Ohne auch nur einen Gedanken an diese gelben Indizien zu verschwenden, wusch ich mein Gesicht, machte mir einen Kaffee und fand zu meiner Freude auf dem Wohnzimmerfußboden eine Schachtel Camel, in der sich auch tatsächlich noch dieselbige befanden - 4 an der Zahl.
Diese begleiteten mich dann, zusammen mit dem Kaffee und meinem Notebook zur allmorgendlichen körperlichen Entleerung und inneren Säuberung. Als ich dann da so schön saß und auf meine produktive Erleichterung wartete, fiel mir nach dem dritten Lungenzug in der Verbindung mit einem 25 Sekunden andauernden Hustenanfall ein kleiner gelber Freund aus dem Hals und landete mit einem klatschenden Geräusch und enormer Zielsicherheit auf dem Touchpad, um mich grinsend an meine chronische Bronchitis zu erinnern.

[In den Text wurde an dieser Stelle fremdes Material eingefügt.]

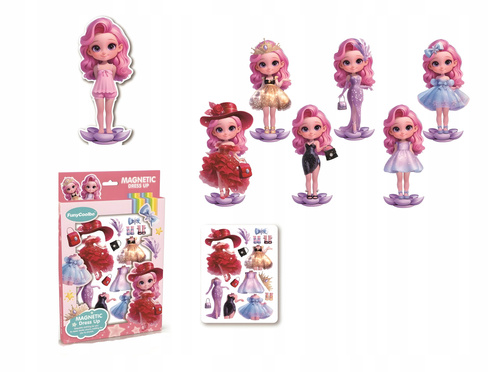 Lalka Zabawa W Ubieranie Lalki Ubranka Różowe Magnetyczne Dopasowanie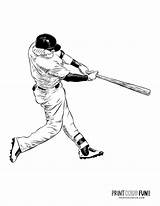 Pitcher Bat Swing Swinging Etching Printcolorfun sketch template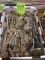 Wrenches, sockets, pry bars, grease guns, large sockets, saw blades, straps, hardware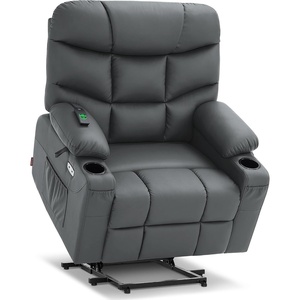 image:imageMCombo Power Lift Recliner Chair for Elderly for Mom Electric Lift Chair with Extended Footrest USB Ports Cup Holders Faux Leather 7287 Dark Grey MediumDark Grey
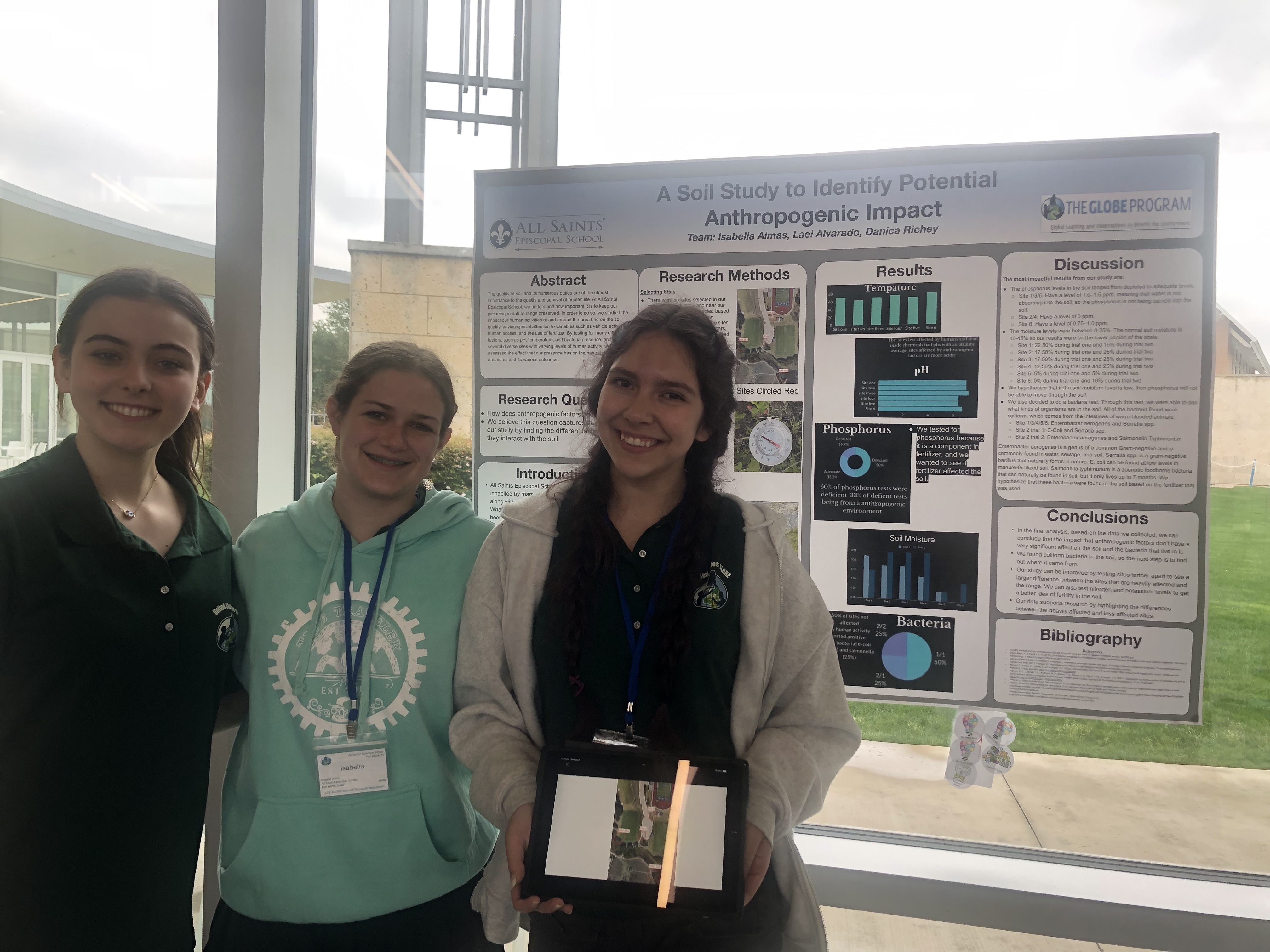 Three students stand in front of their GLOBE poster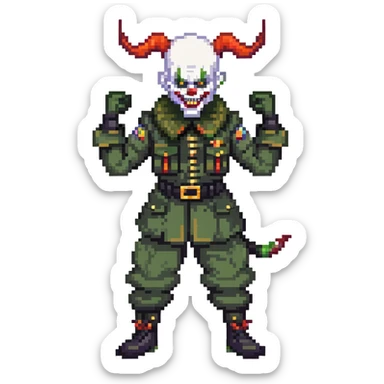 evil clown soldier, bald, short devil horns on forehead, fangs, pointed ears, black and military green clothes, fighting stance sticker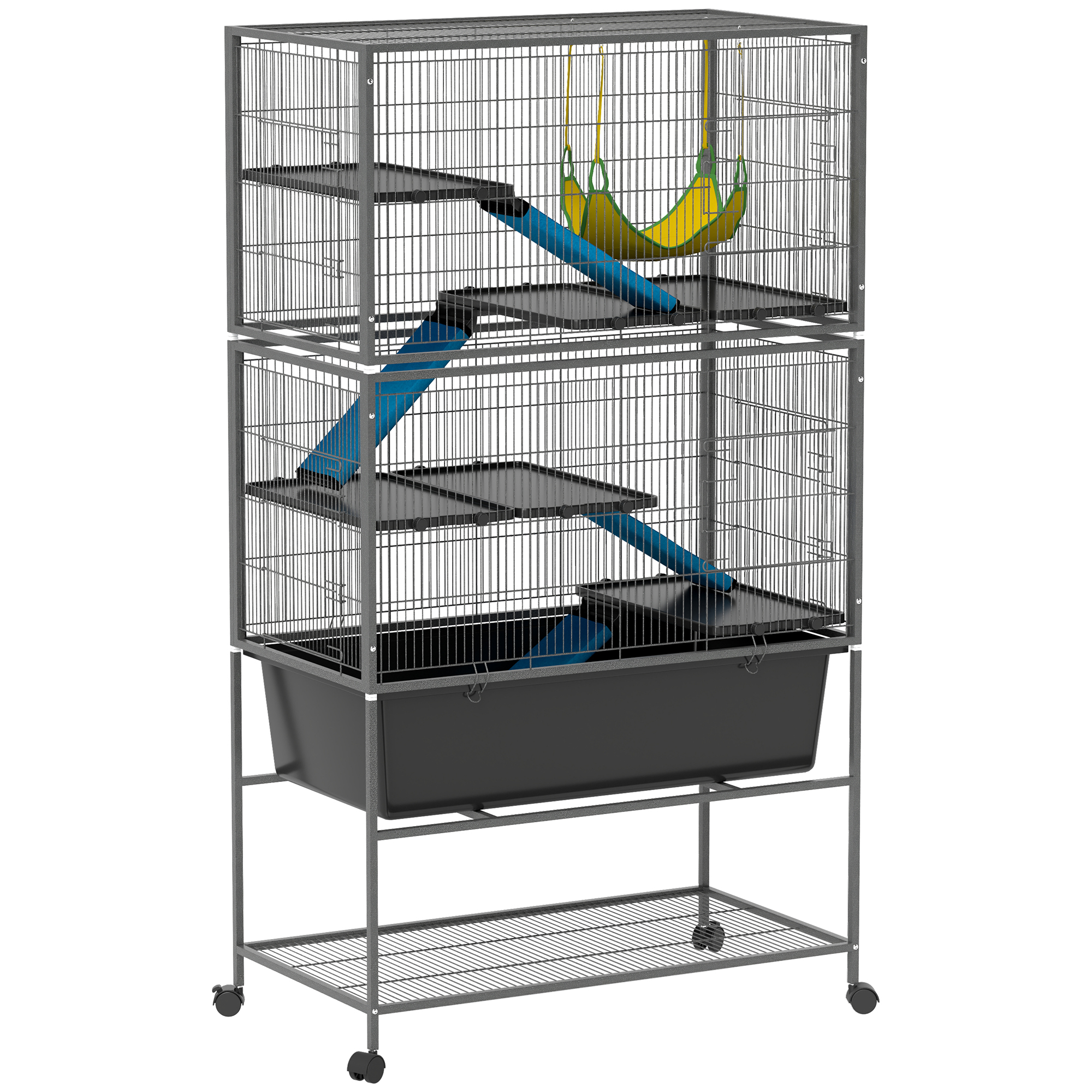 59" 5-Level Small Animal Cage, Rolling Ferret Cage with 6.3" Deep Tray, Non-Slip Cloth Covered Ramps, Hammock, Dark Gray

Das war vermutlich der Zeitpunkt, an dem ich anfing die Puzzelstücke der letzten Nacht zusammenzufügen - oder es zumindest zu versuchen...
Wo, zum Teufel, kam die Schachtel Camel her? Ich rauche doch normal nur Tabak! Filterzigaretten sind doch was für Lutscher!
Und diese Farbe des kleinen grinsenden Freundes, der sich nur sehr hartnäckig vom Touchpad unter Zuhilfenahme des feuchten Toilettenpapiers entfernen lies - woran erinnert mich diese Farbe?
...da war doch noch was...
SENF!
Mir schwante Fürchterliches - augenblicklich beendete ich mein Geschäft, um den Dingen auf den Grund zu gehen.
Als ich das immer noch dunkle Wohnzimmer mit einem souveränen Druck auf den Lichtschalter erhellte, zeigten sich die Spuren der letzten Nacht mit voller Grausamkeit - SENF!
ÜBERALL!
Auf dem Parkett
auf dem Teppich
an der Tapete
auf meinem Sessel
quer über mein Kifferschränkchen
bis auf's Sofa
Es war eine Schneise aus Senf die sich eigentlich durch's gesamte Zimmer zog. Es glich einem Napalmangriff in Vietnam - nur kleiner.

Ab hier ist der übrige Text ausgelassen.